Stornoway s’enfonce dans les pertes

Stornoway est l’exploitant du projet diamantifère Renard, à la Baie-James.
Photo: Stornoway Stornoway est l’exploitant du projet diamantifère Renard, à la Baie-James.

Stornoway Diamond a creusé sa perte au premier trimestre. À court de liquidités, la minière québécoise entame une révision stratégique « pour considérer toutes les options disponibles ».

Au terme du premier trimestre clos le 31 mars 2019, Stornoway a inscrit une perte nette de 48,4 millions, ou de 5 ¢ par action, contre 11 millions, ou 1 ¢ l’action, au trimestre correspondant de 2018. Sur une base ajustée, la perte des trois premiers mois de l’année atteint les 51 millions, contre 13 millions un an plus tôt. Les revenus ont légèrement fléchi, passant de 55,9 millions à 53,3 millions. Aux conditions de marché difficiles s’est ajouté l’impact d’un hiver plutôt froid sur les activités de la minière, qui a poussé les charges d’exploitation par tonne usinée au-delà des prévisions.

Le président et chef de la direction de Stornoway, Patrick Godin, a parlé d’améliorations notoires entre le quatrième trimestre de 2018 et le premier de 2019 en matière de vente, avec une augmentation de la teneur récupérée et un prix moyen en hausse. Mais dans l’ensemble, « le marché n’a pas démontré d’amélioration notable en comparaison avec le quatrième trimestre ». Aussi, « en matière d’usinage, janvier et février ont représenté un défi en raison des températures très froides ».

Stornoway se réjouit toutefois d’un taux d’usinage supérieur aux prévisions en mars et en avril, premier mois du deuxième trimestre. « Au cours du trimestre, la société a tenu deux ventes totalisant 429 506 carats de diamants, ce qui a rapporté un produit brut de 47,3 millions à un prix moyen de 83 $US le carat […] En matière de carats vendus, de produit brut et de prix moyen, ceci représente des augmentations de 38 %, de 47 % et de 8 % respectivement par rapport au quatrième trimestre de 2018 », ajoute-t-elle.
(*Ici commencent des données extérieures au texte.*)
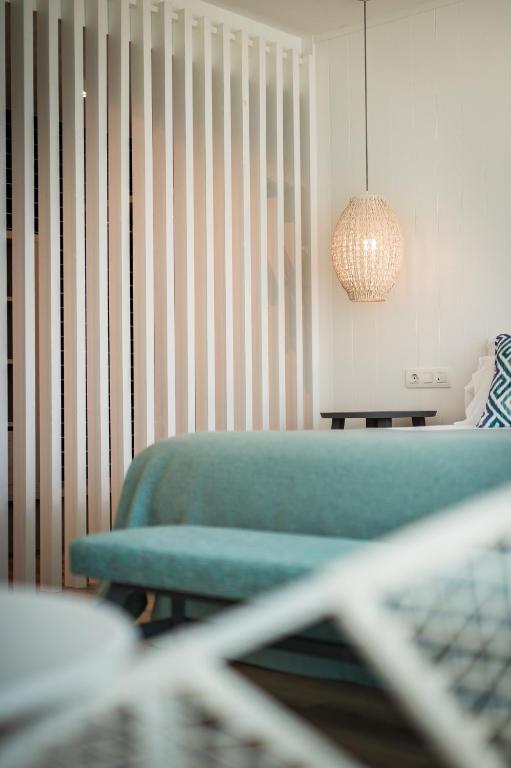 Postel nebo postele na pokoji v ubytování Blaumar Hotel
Mais cela n’est pas suffisant. Au bilan, la trésorerie et équivalents totalisaient 29,5 millions à la fin de mars. « La pression à la baisse soutenue sur les prix du diamant brut nuit à la capacité de la société de générer des flux de trésorerie disponibles positifs en 2019 », précise Stornoway. Afin de préserver ses liquidités, l’entreprise a posé une série d’actions, dont un programme de réduction des coûts de 18 à 20 millions pour l’exercice 2019. En avril, elle avait notamment cessé l’exploitation d’un gisement à ciel ouvert.

La direction est aussi « activement en discussion avec ses partenaires financiers pour sécuriser sa viabilité financière à long terme ». S’y greffe « l’initiation d’une révision stratégique pour considérer toutes les options disponibles pour la société ». Elle est également activement « en discussion avec ses partenaires financiers pour sécuriser sa viabilité financière à long terme ». Dans sa présentation aux actionnaires mardi, elle souligne que des négociations sur des scénarios possibles tels qu’une restructuration de sa dette de 327,7 millions et/ou du financement additionnel sont en cours.

Le président de la direction a reçu, en avril dernier, un vote de confiance de la part du ministre de l’économie, Pierre Fitzgibbon. Un texte de La Presse canadienne rappelait alors que l’exploitant du projet diamantifère Renard, à la Baie-James, a notamment reçu des investissements d’un demi-milliard de dollars de Québec — son plus important actionnaire — ainsi que de la Caisse de dépôt et placement du Québec.